MLP evaluates to consistently low scores on each of the datasets which shows the necessity to consider graph structure for these tasks. This result is also indicative of how appropriate these datasets are for GNN research as they statistically separate model’s performance.

2. GCNs outperform WL-GNNs on the proposed datasets: Although WL-GNNs are provably powerful in terms of graph isomorphism and expressiveness, the WL-GNN models that we consider were not able to outperform GCNs. These models are limited in scaling to larger datasets as their space/time complexity are inefficient as compared to the GCNs which leverage sparse tensors.

GCNs are seen to conveniently scale to $16$ layers and provide the best results on all datasets, whereas the WL-GNNs face loss divergence and/or out-of-memory errors when trying to build deeper networks.

3. Anisotropic mechanisms improve message-passing GCNs architectures: Among the models in the message-passing GCNs, we can classify them into isotropic and anisotropic.

A GCN model whose node update equation treats every edge direction equally, is considered isotropic; and a GCN model whose node update equation treats every edge direction differently, is considered anisotropic.

Isotropic layer update equation: $$ h_{i}^{\ell+1} = \sigma \Big( W_1^{\ell} \ h_{i}^{\ell} + \sum_{j \in \mathcal{N}_i} W_2^{\ell} \ h_{j}^{\ell} \Big) $$

Anisotropic layer update equation: $$ h_{i}^{\ell+1} = \sigma \Big( W_1^{\ell} \ h_{i}^{\ell} + \sum_{j \in \mathcal{N}_i} \eta_{ij} W_2 h_{j}^{\ell} \Big) $$

As per the above equations, GCN, GraphSage and GIN are isotropic GCNs whereas GAT, MoNet and GatedGCN are anisotropic GCNs.
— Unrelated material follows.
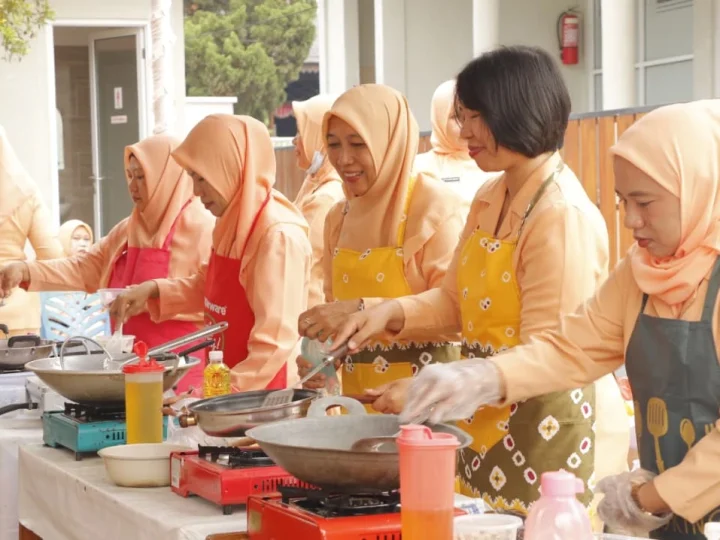Peringatan HUT DWP ke 27, Jadi Momentum Peran Perempuan Dalam Dampingi Suami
Our benchmark experiments reveal that the anisotropic mechanism is an architectural improvement in GCNs which give consistently impressive results. Note that sparse and dense attention mechanisms (in GAT and GatedGCN respectively) are examples anisotropic components in a GNN.

4. There are underlying challenges for training the theoretically powerful WL-GNNs: We observe a high standard deviation of performance scores on the WL-GNNs. (Recall that we report every performance of 4 runs with different seeds). This reveals the problem in training these models.

Universal training procedures like batched training and batch normalization are not used in WL-GNNs since they operate on dense rank-2 tensors.

To describe this clearly, the batching approach for GCNs in leading graph machine learning libraries which operate on sparse rank-2 tensors involves preparing a sparse block diagonal adjacency matrix for a batch of graphs.

Fig 7: Mini-batch graph represented with one sparse block-diagonal matrix. Source

The WL-GNNs that operate on dense rank-2 tensors, have components which compute information at/from every position in the dense tensor. Therefore, the same approach (Fig 7) is not applicable as it would make the entire block diagonal matrix dense and would break sparsity.

GCNs leverage batched training and hence batch normalization for stable and fast training. Besides, WL-GNNs, with the current design, are not suitable for single large graphs, eg. OGBL-COLLAB. We failed to fit the dense tensor of this large size on both GPU and CPU memory.

Hence, our benchmark suggests the need for re-thinking better design approaches for WL-GNNs which can leverage sparsity, batching, normalization schemes, etc. that have become universal ingredients in deep learning.